When it was over, the Nationals were a startling 0 for 16 w/ RISP, a record for futility as NatsInsider.com's Mark Zuckerman wrote last night, that is unmatched in the history of the franchise, which in MLB's eyes goes back to the 1969 Montreal Expos.
The Nats had all the chances they could ask for, but were unable to cash them in and after twice getting a runner on second with no outs in extra innings, they finally lost when the Padres did what they couldn't and drove a runner in from third with a two-out RBI single by Xavier Nady putting San Diego ahead in what ended up being a 12-inning, 4 hour and 14 minute exercise in offensive inefficiency.

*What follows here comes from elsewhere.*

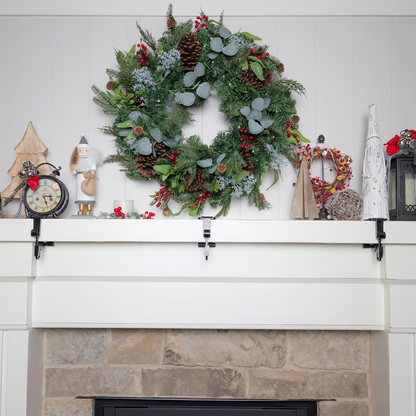 Adjustable Mantel Hook|No-Drill Fireplace Garland Hangers for Mantel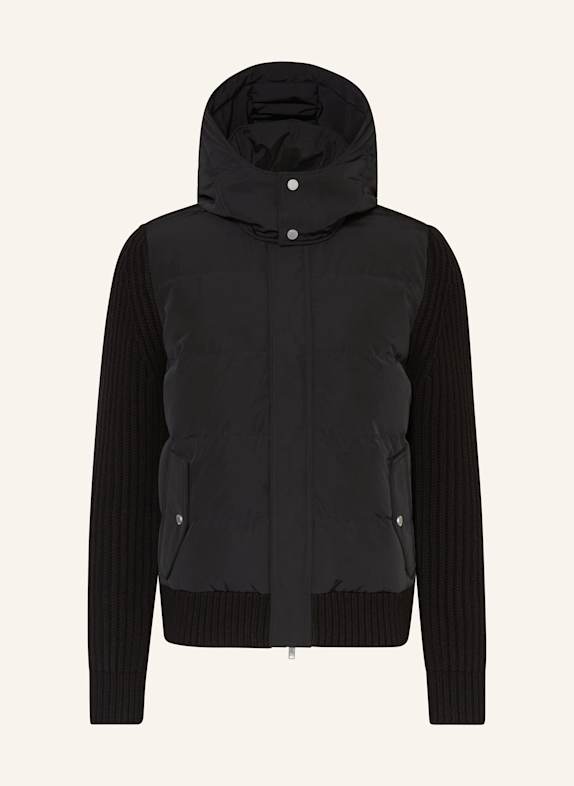 MOOSE KNUCKLES Daunenmantel BERLAND mit abnehmbarer Kapuze SCHWARZ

"The last play of the game," Nationals' Manager Matt Williams said afterwards, referring to the game-ending line drive in the bottom of the twelfth on which Jose Lobaton lined out to short with Bryce Harper breaking for third only to get doubled up when Everth Cabrera made a lunging catch, "Desi's ball to right with two out and second and third. We hit some balls hard. And right at people. So, just keep doing that. Just keep doing it and if we give ourselves that many opportunities, we're going to score runs. Didn't happen tonight, but..."

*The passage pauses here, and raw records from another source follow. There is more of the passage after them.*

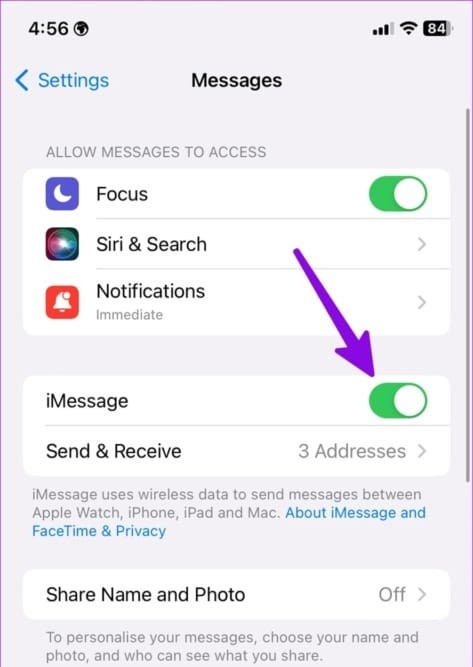 Sửa lỗi xem trước liên kết của Messages không hoạt động trên iPhone (5)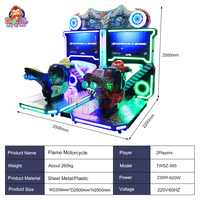 Máquina de Juego de Arcade Simulador de Carreras de Motos Reacondicionada para Dos Personas para Anime City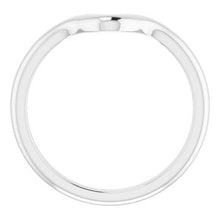Load image into Gallery viewer, Sterling Silver Band for 10x7 mm Pear Ring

The Nats' first-year skipper has stressed repeatedly that if his players keep generating these opportunities, they're bound to score more runs, but last night it wasn't the case. Particularly frustrating were the chances the Nationals wasted in extra innings. Twice they put runners on second base with no outs and twice they came up empty against relievers Tim Stauffer and Huston Street.
Nats' catcher Jose Lobaton doubled to left off Stauffer in the bottom of the tenth, but three at bats, and three strikeouts later, the former Tampa Bay Rays' backstop was left standing on second base with the score still knotted up at 3-3.
Bryce Harper doubled off Street to start the 12th after the Padres pushed the go-ahead run across on Nady's single in the top of the inning, but Harper was then doubled up to end the game.
"Opportunities are there," Williams said, "it didn't happen. Just keep providing ourselves those opportunities, it will happen for us."
Before Lobaton lined into the game-ending double play, Tyler Moore, like Zach Walters, Denard Span and Anthony Rendon before him in the 10th, failed to make contact with a runner on second and no outs, striking out with Harper standing impatiently at second.
"Man on second, nobody out, you certainly want to advance him to third," Williams told reporters, but neither Walters or Moore were able to make contact and neither seemed to consider bunting the runner over.
"Zach's up there looking for a ground ball to second base and [Stauffer] ended up striking out the side, so it wouldn't have mattered anyway, moving him over," Williams said.
"Then in the last inning, against their closer, [Street], he's kind of the same guy too. Real good changeup and [Lobaton] put a nice at bat on him, just happened to be right at [Cabrera at short]. There was opportunity."
"Again," Williams reiterated, "it's part of the game and it is the game and we'll take our chances with that many guys out there every night."
"That's kind of been the case for us. We've had a lot of opportunities so we'll take our chances with that."